📘 11.1 – Simple Linear Regression Summary

📈 Scatter Plot – Observing the Pattern

Let's start with a scatter plot of real data. Below is the relationship between hydrocarbon level (x) and oxygen purity (y):

From the plot, we can tell that there's a general pattern: as the hydrocarbon level increases, oxygen purity tends to increase. This suggests a potential linear relationship, even though the data does not fall perfectly on a straight line.

📌 Regression Model

Y = β₀ + β₁x + ε
E(Y|x) = β₀ + β₁x
Var(Y|x) = σ²

📘 Deriving E(Y|x) and Var(Y|x)

Let the model be:
Y = β₀ + β₁x + ε

Expected value:
E(Y|x) = E(β₀ + β₁x + ε) = β₀ + β₁x + E(ε) = β₀ + β₁x
(Assuming E(ε) = 0)

Variance:
Var(Y|x) = Var(β₀ + β₁x + ε) = Var(β₀ + β₁x) + Var(ε) = 0 + σ² = σ²
(β₀ + β₁x is constant, so its variance is 0)

🧪 Model Example

μY|x = 75 + 15x,    σ² = 2
Hydrocarbon Level (x): 1.23
Predicted Oxygen Purity (μY): 93.45%

⚠️ Warnings

🧠 Key Vocabulary (with Examples)

Term Definition Example
Scatterplot A graph that displays paired data points (x, Y).
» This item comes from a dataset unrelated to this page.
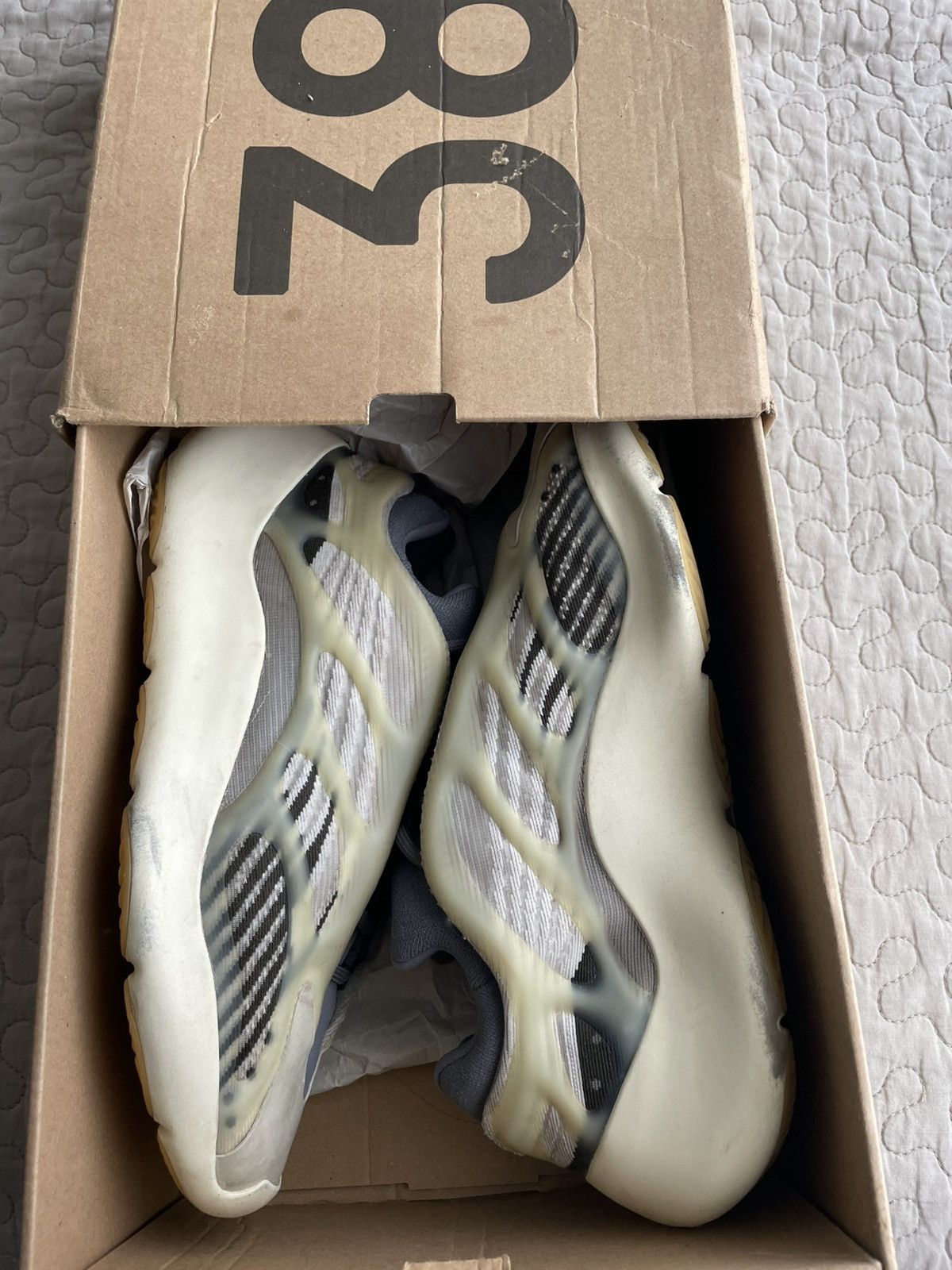 Yeezy Yeezy 700 v3 "Faded salt" Size US 10 / EU 43 - 5 Thumbnail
Plotting hydrocarbon level (x) vs. oxygen purity (Y) to observe a pattern.
Regression Describes how one variable (Y) depends on another (x). Modeling oxygen purity based on hydrocarbon level.
Simple Linear Regression A model with one independent variable (x). Y = β₀ + β₁x + ε
Slope (β₁) The change in Y for each unit increase in x. If β₁ = 15, then each 1% increase in x raises Y by 15%.
Intercept (β₀) The predicted value of Y when x = 0. If β₀ = 75, then Y is 75 when x = 0.
Error Term (ε) Represents variation in Y not explained by x. Noise from temperature or equipment that affects oxygen purity.